American companies have a new trick for an old trend of saving money by going overseas – moving their headquarters to countries with lower taxes.  These recent corporate inversions in which U.S. based companies, such as Medtronic and Burger King, reincorporate abroad in order to avoid taxes is part of an ongoing process in which corporations go global to offshore work and shuffle money through “tax havens” to boost profits. Commentators such as Allen Sloan condemn these tactics as unpatriotic and bad corporate citizenship. This highlights the tension between national interests and the pressures of globalization. We know that firms are not tied to particular national borders—a fundamental aspect of capitalism that classic theorists like Max Weber and Karl Marx observed in the 19th and early 20th century— but why are these publicly unpopular actions so prevalent today?

While nation-states have lost some power in the past 30 years, they created the very policies that contributed to economic globalization.

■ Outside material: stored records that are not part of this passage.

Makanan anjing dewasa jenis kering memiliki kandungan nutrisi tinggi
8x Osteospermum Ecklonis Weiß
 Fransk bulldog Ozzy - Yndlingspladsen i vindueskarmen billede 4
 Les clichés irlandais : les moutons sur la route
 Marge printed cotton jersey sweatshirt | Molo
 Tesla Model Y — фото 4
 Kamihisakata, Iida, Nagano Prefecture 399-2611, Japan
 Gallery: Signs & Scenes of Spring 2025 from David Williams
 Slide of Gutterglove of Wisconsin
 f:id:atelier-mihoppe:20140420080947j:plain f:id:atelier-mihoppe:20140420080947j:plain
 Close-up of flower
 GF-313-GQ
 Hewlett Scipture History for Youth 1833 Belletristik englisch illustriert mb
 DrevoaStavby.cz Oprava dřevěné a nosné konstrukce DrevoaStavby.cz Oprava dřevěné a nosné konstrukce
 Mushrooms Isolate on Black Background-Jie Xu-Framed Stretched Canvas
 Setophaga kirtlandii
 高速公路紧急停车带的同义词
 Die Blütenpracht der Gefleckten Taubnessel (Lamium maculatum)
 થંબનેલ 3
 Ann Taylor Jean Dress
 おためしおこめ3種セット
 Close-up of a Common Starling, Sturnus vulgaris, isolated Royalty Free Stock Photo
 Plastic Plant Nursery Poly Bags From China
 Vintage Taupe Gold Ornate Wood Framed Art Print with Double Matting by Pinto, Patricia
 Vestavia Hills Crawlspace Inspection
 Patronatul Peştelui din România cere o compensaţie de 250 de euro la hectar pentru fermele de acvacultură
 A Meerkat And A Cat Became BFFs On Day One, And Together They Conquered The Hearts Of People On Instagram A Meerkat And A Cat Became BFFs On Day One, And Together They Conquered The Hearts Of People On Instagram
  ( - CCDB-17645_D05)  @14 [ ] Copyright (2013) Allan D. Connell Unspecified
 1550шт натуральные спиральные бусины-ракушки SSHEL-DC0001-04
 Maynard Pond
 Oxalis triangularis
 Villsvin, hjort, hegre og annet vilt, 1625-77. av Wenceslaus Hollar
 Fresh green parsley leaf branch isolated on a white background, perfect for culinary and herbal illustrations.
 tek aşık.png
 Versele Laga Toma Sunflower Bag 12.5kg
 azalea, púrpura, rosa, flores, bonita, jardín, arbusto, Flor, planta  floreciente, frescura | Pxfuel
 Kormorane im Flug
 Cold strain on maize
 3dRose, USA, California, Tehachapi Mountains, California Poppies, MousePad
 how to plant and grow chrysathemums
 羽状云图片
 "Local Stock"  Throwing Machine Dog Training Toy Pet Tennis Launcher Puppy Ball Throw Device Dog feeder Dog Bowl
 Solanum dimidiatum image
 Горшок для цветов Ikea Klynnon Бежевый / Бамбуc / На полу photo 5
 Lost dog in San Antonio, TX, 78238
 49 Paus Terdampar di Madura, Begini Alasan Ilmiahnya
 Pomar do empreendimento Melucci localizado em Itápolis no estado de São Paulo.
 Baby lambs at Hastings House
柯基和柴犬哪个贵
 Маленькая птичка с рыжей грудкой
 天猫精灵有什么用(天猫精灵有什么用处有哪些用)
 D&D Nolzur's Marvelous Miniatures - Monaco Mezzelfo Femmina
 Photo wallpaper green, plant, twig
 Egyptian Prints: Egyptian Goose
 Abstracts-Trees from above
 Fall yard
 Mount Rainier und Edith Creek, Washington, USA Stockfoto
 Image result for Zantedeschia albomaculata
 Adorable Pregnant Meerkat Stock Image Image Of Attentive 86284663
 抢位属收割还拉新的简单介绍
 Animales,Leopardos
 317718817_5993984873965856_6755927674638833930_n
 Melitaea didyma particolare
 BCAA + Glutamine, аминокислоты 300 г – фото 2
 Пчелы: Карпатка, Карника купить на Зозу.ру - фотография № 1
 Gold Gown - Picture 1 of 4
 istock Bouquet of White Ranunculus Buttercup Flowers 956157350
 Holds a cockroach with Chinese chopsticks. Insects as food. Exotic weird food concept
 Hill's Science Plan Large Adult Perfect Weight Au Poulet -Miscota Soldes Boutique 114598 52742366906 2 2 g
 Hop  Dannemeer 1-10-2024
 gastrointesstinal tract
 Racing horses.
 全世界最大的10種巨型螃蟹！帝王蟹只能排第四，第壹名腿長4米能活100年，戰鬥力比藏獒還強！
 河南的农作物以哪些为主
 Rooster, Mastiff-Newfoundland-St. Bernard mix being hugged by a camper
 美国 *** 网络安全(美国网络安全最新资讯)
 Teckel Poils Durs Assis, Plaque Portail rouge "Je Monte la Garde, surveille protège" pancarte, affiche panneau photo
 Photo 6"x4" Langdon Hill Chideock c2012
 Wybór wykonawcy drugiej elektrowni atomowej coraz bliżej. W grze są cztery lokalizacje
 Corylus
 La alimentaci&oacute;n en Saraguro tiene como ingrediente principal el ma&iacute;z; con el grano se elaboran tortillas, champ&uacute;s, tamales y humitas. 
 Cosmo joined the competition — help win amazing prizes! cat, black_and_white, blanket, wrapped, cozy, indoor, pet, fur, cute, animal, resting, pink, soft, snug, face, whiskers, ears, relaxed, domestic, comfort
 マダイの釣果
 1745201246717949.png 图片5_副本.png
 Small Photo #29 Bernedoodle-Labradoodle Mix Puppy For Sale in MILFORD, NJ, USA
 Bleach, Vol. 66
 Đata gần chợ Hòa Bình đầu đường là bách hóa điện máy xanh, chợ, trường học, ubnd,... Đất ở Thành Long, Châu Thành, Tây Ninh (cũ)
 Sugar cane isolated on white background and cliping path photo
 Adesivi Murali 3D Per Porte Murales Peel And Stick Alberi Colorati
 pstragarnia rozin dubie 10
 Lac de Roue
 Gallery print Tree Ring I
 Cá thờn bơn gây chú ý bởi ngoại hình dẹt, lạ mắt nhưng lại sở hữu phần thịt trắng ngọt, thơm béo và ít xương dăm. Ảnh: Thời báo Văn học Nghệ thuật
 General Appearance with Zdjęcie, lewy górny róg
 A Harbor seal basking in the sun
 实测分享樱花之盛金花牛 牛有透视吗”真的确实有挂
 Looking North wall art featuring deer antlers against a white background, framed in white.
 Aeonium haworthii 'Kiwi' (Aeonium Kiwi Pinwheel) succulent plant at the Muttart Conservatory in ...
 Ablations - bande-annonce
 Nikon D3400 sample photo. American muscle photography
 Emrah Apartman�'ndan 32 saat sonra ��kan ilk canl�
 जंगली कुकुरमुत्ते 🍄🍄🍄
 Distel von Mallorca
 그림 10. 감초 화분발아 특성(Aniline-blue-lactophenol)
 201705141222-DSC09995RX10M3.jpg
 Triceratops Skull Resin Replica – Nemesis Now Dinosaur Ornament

U.S. policy since the 1970s has led to an increased financialization of the economy and the opening of global capital flows. Corporations aren’t just moving overseas due to greedy and unpatriotic CEOs, but the result of decades of change in policy and the global economy. 
Firms also have immediate financial interests in increasing shareholder value and avoiding taxes, even if that means harming national interests or engaging in immoral behaviors. Organizational dynamics, leadership and culture shape business strategies as well as the broader policy and economic context.